Below, we examine the map of the number of scan by repeatedly querying the centers of HEAL order 6.

def get_totaln(*args):
    return sum(sl.query(*args, count_only=True))
cc = utils.get_healpix_centers(6)
result = [get_totaln(*args) for args in zip(tqdm(cc.ra.deg), cc.dec.deg)]
100%|β–ˆβ–ˆβ–ˆβ–ˆβ–ˆβ–ˆβ–ˆβ–ˆβ–ˆβ–ˆβ–ˆβ–ˆβ–ˆβ–ˆβ–ˆβ–ˆβ–ˆβ–ˆβ–ˆβ–ˆβ–ˆβ–ˆβ–ˆβ–ˆβ–ˆβ–ˆβ–ˆβ–ˆβ–ˆβ–ˆβ–ˆβ–ˆβ–ˆβ–ˆβ–ˆβ–ˆβ–ˆβ–ˆβ–ˆβ–ˆβ–ˆβ–ˆβ–ˆβ–ˆβ–ˆβ–ˆβ–ˆβ–ˆβ–ˆβ–ˆβ–ˆβ–ˆβ–ˆβ–ˆβ–ˆβ–ˆβ–ˆβ–ˆβ–ˆβ–ˆβ–ˆβ–ˆβ–ˆβ–ˆβ–ˆβ–ˆβ–ˆβ–ˆβ–ˆβ–ˆβ–ˆβ–ˆβ–ˆβ–ˆβ–ˆβ–ˆβ–ˆβ–ˆβ–ˆβ–ˆβ–ˆβ–ˆβ–ˆβ–ˆβ–ˆβ–ˆβ–ˆβ–ˆβ–ˆβ–ˆβ–ˆβ–ˆβ–ˆβ–ˆβ–ˆβ–ˆβ–ˆβ–ˆβ–ˆβ–ˆβ–ˆ| 49152/49152 [01:13<00:00, 668.55it/s]
hp.mollview(np.array(result), coord='cg')
../_images/51d529c89b78cdb9d3b81ec18400a4a6fc80d54f65889003cfa6138ec6cff2ec.png

Versions available#

Currently, there are two different versions of the scanning law available:

  • dr3_nominal: The nominal scanning law provided by and available on the Gaia Archive. The actual attitude could deviate from this by up to about 30 arcseconds.

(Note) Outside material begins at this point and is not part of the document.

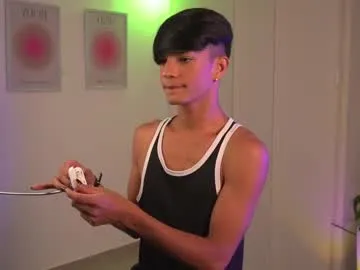 iamsomeone1234 – webcam model profile photo Image 2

  • dr2_cog3: The improved scanning law covering DR2 period by Boubert et al. (2021). They use the transit-level data from DR2’s epoch photometry of variable stars to model the deviations from the nominal. Please refer to the linked publication for more details and cite this work if you make use of this data.